Large majorities of Americans and Russians favor taking nuclear weapons off high alert, sharply cutting the numbers of nuclear weapons, banning the production of weapons-grade nuclear material, and -- once advanced methods of international verification are established -- undertaking the complete elimination of nuclear weapons.

These steps correspond to key elements of a plan for "A World Free of Nuclear Weapons," developed by a bipartisan group that includes two former secretaries of state ( George Schultz and Henry Kissinger ), a former defense secretary ( William Perry ) and the former chairman of the Senate Armed Services Committee ( Sam Nunn ) -- sometimes called the "Reykjavik Revisited" plan. Some have been included in recent legislation, such as a bill introduced by Senators Chuck Hagel and Barack Obama (S.1977).

The poll was developed in conjunction with the Center for International and Security Studies at the University of Maryland (CISSM) and fielded by Knowledge Networks in the United States and the Levada Center in Russia .

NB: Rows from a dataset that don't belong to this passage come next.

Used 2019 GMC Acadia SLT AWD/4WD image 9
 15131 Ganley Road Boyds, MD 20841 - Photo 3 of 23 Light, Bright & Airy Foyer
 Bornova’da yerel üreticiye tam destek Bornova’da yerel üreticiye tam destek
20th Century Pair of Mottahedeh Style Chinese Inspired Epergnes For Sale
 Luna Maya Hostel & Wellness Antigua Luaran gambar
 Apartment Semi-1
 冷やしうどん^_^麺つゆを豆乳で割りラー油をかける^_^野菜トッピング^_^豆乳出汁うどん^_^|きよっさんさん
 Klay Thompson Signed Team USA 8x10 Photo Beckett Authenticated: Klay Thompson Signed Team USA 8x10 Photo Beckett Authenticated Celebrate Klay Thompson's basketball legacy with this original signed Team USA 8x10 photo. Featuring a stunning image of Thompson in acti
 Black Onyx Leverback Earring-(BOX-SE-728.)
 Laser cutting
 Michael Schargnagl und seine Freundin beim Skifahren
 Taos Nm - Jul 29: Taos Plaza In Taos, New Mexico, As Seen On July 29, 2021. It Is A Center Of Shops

The goal of eliminating all nuclear weapons, established in the Nuclear Non-Proliferation Treaty, is endorsed by 73 percent of Americans and 63 percent of Russians. Seventy-nine percent of Americans and 66 percent of Russians want their governments to do more to pursue this objective.

Steven Kull , director of, comments, "In contrast to the growing tension between their governments, publics in the US and Russia show enthusiasm for dramatic cooperative steps to reduce the nuclear threat."

John Steinbruner, director of CISSM notes, "Current US security policies do not reflect underlying public opinion."

Deep cuts in nuclear arsenals also receive robust support. Eighty-eight percent of Americans and 65 percent of Russians endorse the US-Russian Strategic Offensive Reductions Treaty (SORT) to reduce the number of active nuclear weapons in each arsenal to about 2,000 weapons by the end of 2012. In fact, most Americans (71%) and Russians (55%) favor reaching this level even sooner.

A majority of Republicans and Democrats concurred in their support for the proposals, though in most cases the Democratic majority was larger.